Because of studio complications, the duo behind “Singin' in the Rain” never got
to finish the “Band Wagon” script, so the last part of the Vincente
Minnelli-directed movie wound up a mishmash of production numbers set to the
tunes of composer Arthur Schwartz and lyricist Howard Dietz (“Dancing in the
Dark” among them).
Beane strings them into parallel love stories that are sweet and believable,
even as they hopscotch from the hokum of “Louisiana Hayride” to the can-do pep
of “A Shine on Your Shoes” to the vinegar-laced vaudeville of “Triplets.”
In one of many art-imitates-life touches, film-TV star and onetime Tony Award
nominee Scott Bakula plays Tony Hunter, a former theater type who went Hollywood
and now comes shuffling back.

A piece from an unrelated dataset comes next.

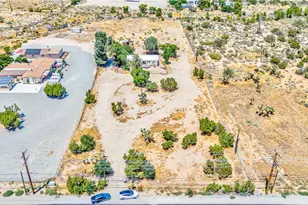 4190 Nielson Rd, Phelan, CA 92371 - Photo 23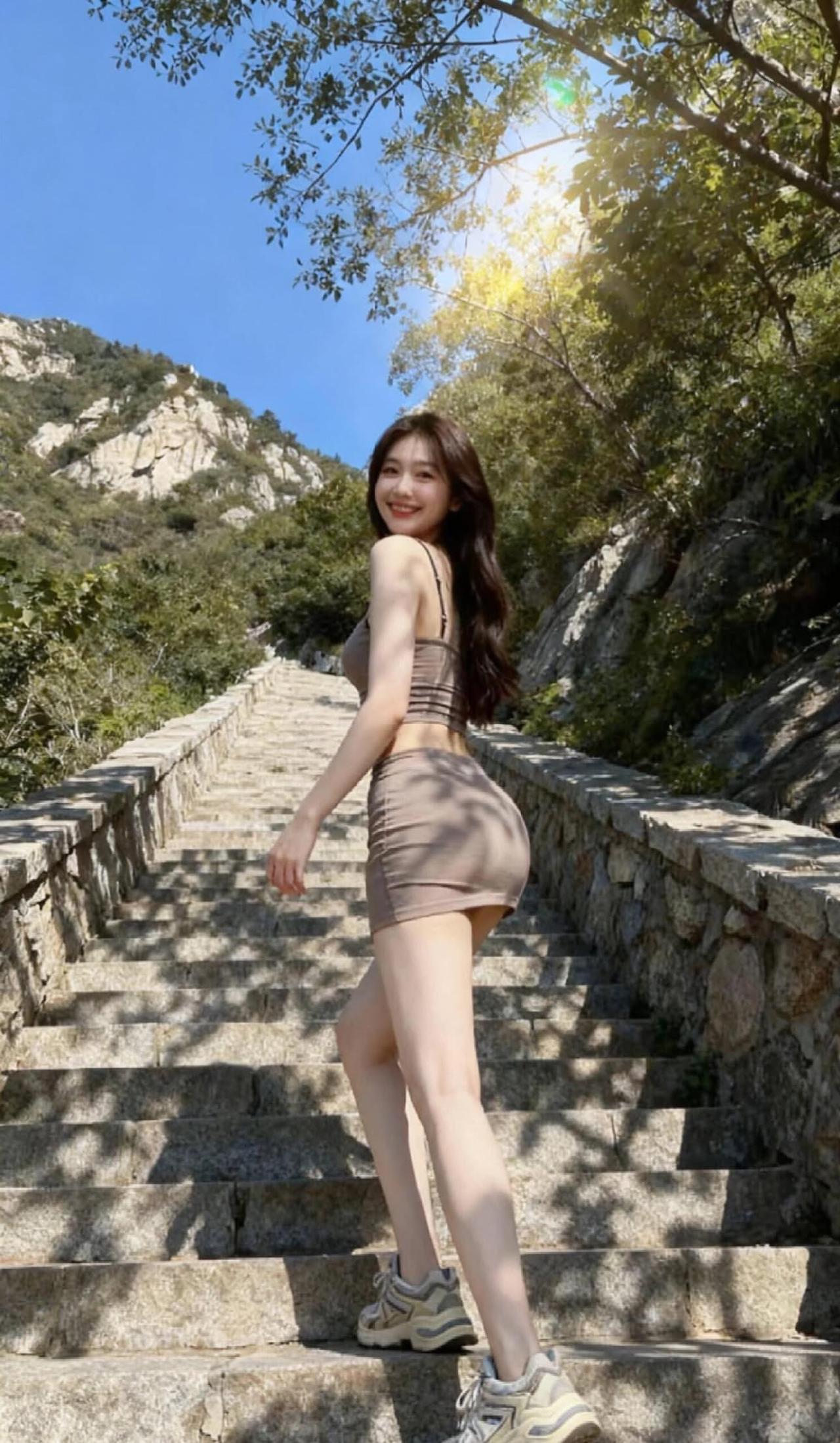 一览众山小，方知人世低。暂留蝴蝶梦，终负杜鹃啼。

He gets an icy greeting in New York from his
ex-stage partners, writers Lily and Lester Marton (Beth Leavel and Adam Heller),
stand-ins of a sort for Comden and Green.

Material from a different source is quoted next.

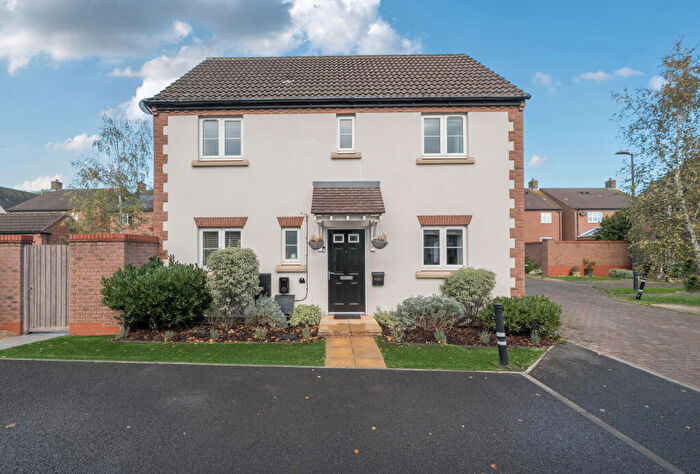 3 Bedroom Semi Detached House For Sale In John Chiddy Close, Hanham, Bristol, Gloucestershire, BS15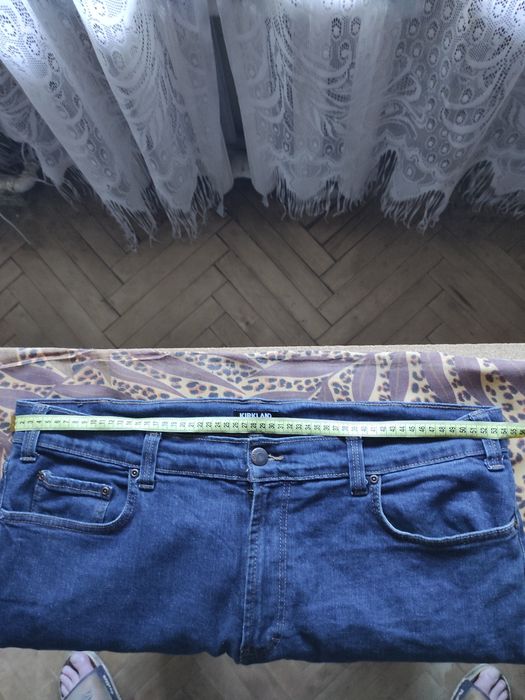 Продам джинсы мужские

But the extravagantly vain Jeffrey Cordova (Page) insists they work together
again, and he brings in the celebrated modern dancer Gabrielle Gerard (Mara Davi)

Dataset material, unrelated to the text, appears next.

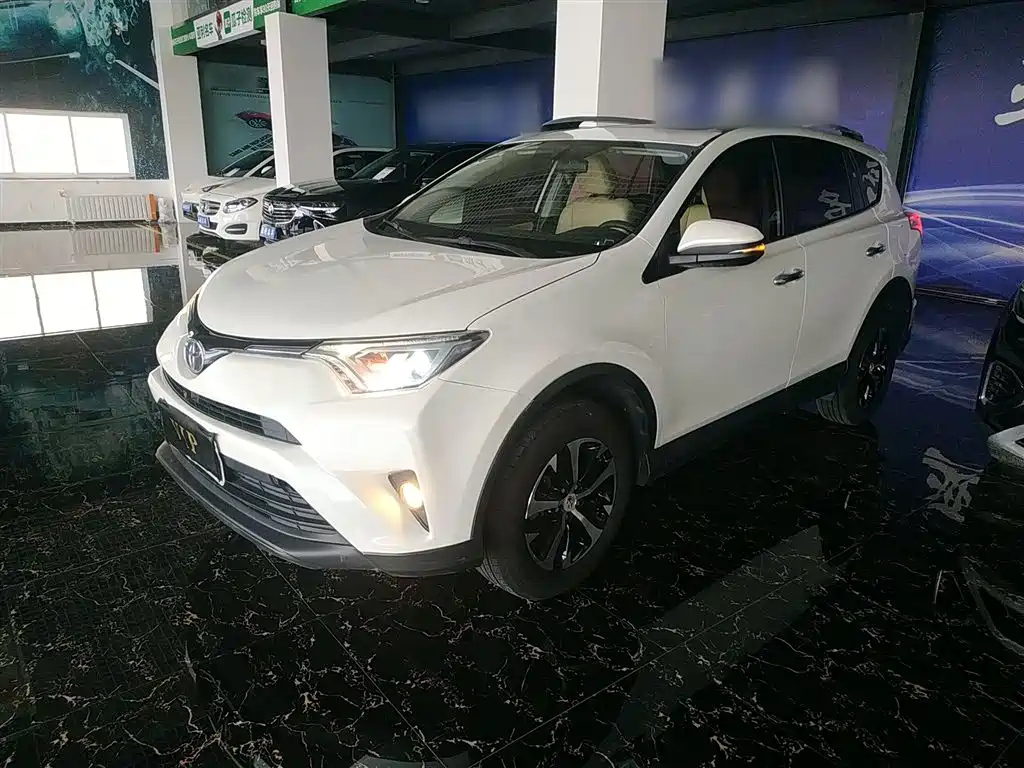TOYOTA RAV4 RONGFANG 2016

and her Svengali of a squeeze, choreographer Paul Byrd (Sebastian La Cause).
They all make for an “A” team, as in animosity, acrimony, antipathy.
Jeffrey seals the show's doom by seizing on Lily's throwaway plot remark about a
“deal with the devil” and reconceiving the work as a wildly misguided modern
take on “Faust,” a disaster in its out-of-town tryout (though a hoot in its
brief appearance on the Globe stage).
Tony and team then have to figure out how to salvage the show, along with their
tangled relationships.
In a part played on film by Fred Astaire, Bakula – best-known for TV's “Quantum
Leap” – is less a hoofer than a journeyman entertainer, a role that fits the
laconic and likable actor well.
His voice seems better suited for belting than for the quieter tones of a tune
like “By Myself,” but Bakula has a talent for tap as well as good comic timing.
Still, he has all he can handle to match the major triple threats alongside him.
Whatever Faustian bargain director Gary Griffin might've made to get Beth Leavel,
it's worth an adjustable-rate mortgage with Old Scratch to land her as funny and
lovelorn Lily. The Tony-winner for “The Drowsy Chaperone” is a singing dream and
matches up well with Heller, who brings a needed bit of edge to the show.
Davi (another “Drowsy” alum) is also a standout, a graceful dancer and powerful
vocalist who's a good fit for the ingenue-ish Gabi. One nagging issue: When Cyd
Charisse played the part in the film, she was some 20 years younger than Astaire;
the gap between Davi and Bakula appears closer to 30 – a concern because of the
romantic story line to follow.
As impressive as this cast is, though, Page threatens to run away with the show
as the fearlessly self-beatifying Jeffrey. He gets many of the best lines, and
seems to revel in playing off his own glittering Shakespearean résumé (though he
also was the Grinch in the Globe-sprung Broadway show). This might be a
career-maker if Page wasn't so established already.
After the giddy, slap-bang pace of the first act, where Beane condenses
practically half the movie into the first couple of numbers, the second act
feels stuck in New Haven (site of an out-of-town tryout). The number “Rhode
Island Is Famous for You” is as much sight gag as song (though with seriously
witty costumes), and with a show stretching to nearly three hours this might be
a place to trim.
Throughout, Beane salts in so many great lines it seems like cheating to quote
them; the crack about fuming producers up and leaving “with both sets of books”
is just one that got big laughs on opening night.
Warren Carlyle's choreography has old-fashioned panache, and Griffin directs
with a winning sense of backstage life – check the touching scene where Jeff's
dutiful, self-effacing right-hand man, Hal (elegantly engaging Benjamin Howes),
quietly mimics the dancers' moves from just behind the curtain.
Pleading his case for one awful ballet number, Byrd (a perfectly haughty La
Cause) says critics will love it.
“But not just critics – people!”
People – and others – oughta love this show, too.